UK Q3 growth figures beat expectations

Tom Tong27/Oct/2010Currency Updates

GBP

Investors kept their focus on sterling on Tuesday as the big news out of the UK was that although Britain’s growth slowed in the third quarter to 0.8%, it was far less than expected from the previous quarter as robust construction output and services underpinned recovery. The better-than-expected momentum in the economy is likely to delay another tranche of quantitative easing, boosting sterling across the board.
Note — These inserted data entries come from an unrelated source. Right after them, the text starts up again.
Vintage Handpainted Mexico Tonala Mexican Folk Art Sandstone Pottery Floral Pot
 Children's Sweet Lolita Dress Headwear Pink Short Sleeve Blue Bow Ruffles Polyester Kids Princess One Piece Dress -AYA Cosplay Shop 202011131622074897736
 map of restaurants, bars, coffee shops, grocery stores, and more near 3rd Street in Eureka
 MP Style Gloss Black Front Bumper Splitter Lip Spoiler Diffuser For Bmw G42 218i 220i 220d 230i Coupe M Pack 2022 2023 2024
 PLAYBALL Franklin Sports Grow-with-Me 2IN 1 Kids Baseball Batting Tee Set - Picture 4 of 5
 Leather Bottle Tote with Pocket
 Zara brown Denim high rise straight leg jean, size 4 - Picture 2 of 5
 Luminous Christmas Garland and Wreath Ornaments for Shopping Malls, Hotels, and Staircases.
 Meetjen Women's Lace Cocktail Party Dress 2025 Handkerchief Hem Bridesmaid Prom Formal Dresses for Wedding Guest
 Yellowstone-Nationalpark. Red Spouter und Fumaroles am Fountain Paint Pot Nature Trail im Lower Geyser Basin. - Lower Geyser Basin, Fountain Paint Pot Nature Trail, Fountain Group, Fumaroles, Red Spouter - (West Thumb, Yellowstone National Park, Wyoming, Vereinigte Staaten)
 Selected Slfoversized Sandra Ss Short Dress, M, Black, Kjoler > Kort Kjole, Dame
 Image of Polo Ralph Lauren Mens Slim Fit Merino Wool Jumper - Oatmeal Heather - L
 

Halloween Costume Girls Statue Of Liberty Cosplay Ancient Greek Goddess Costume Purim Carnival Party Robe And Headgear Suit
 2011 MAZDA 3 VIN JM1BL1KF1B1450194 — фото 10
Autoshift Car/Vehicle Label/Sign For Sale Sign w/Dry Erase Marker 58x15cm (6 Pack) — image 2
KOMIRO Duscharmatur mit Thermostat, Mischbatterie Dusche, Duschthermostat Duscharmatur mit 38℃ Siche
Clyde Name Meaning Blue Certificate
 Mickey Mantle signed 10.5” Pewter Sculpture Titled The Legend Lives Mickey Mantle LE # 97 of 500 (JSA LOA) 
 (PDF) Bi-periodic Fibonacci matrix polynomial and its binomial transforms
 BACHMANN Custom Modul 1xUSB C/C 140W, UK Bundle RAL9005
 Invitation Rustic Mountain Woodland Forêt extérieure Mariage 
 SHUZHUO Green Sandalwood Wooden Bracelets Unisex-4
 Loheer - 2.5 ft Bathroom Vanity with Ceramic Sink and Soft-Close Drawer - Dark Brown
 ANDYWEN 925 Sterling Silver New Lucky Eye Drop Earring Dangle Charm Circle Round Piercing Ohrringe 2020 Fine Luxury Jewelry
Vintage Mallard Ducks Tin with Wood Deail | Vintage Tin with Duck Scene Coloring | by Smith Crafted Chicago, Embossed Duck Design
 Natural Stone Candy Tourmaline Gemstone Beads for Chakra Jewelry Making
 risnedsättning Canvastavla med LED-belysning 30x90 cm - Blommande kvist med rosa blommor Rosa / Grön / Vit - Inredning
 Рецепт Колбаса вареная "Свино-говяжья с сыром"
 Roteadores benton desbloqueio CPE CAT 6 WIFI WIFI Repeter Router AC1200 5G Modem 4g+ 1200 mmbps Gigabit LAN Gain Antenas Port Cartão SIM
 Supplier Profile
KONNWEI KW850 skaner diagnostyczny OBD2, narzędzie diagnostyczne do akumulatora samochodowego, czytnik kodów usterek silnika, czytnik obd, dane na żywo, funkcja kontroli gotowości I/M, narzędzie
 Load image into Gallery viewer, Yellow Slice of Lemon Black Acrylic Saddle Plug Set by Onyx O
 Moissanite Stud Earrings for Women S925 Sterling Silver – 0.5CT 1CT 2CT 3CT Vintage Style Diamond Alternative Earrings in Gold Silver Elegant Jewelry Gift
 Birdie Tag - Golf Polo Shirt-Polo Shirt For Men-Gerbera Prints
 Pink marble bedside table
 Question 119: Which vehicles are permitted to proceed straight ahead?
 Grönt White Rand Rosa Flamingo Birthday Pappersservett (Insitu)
Additionally, the ratings agency Standard & Poor upgraded the UK’s rating from negative to stable, reaffirming the UK’s gold-plated triple A status, prompting George Osborne to declare a ‘double dose of good news’. He went on to say that ‘Britain is growing, growing strongly, the strongest growth we have seen in this part of the year for a decade, and also our country’s credit rating is being secured… a big vote of confidence in the UK, and a vote of confidence in the coalition government’s economic policies.’

EUR

The euro fell sharply versus the sterling and came under modest pressure against the dollar on Tuesday, after data showed the UK economy is in better shape than feared as the nation enters a period of severe budget cuts. Investors continued to pare long bets on the Eurozone single currency ahead of a key Federal Reserve meeting next week.

USD

The dollar showed signs of life against most majors on Tuesday, but fell sharply against the sterling on better-than-expected growth data from the UK. Still, with Federal Reserve widely expected to expand its balance sheet in support of the economy in November, the dollar’s gains were muted.

Confidence among US consumers improved by more than economists had been expecting in the month of October, according to a report released by the Conference Board on Tuesday, with the increase coming as consumers were less pessimistic about the outlook for the next six months. The Conference Board said its consumer confidence index rose to 50.2 in October from a revised 48.6 in September. Economists had been expecting the index to edge up to 49.0 from the 48.5 originally reported for the previous month.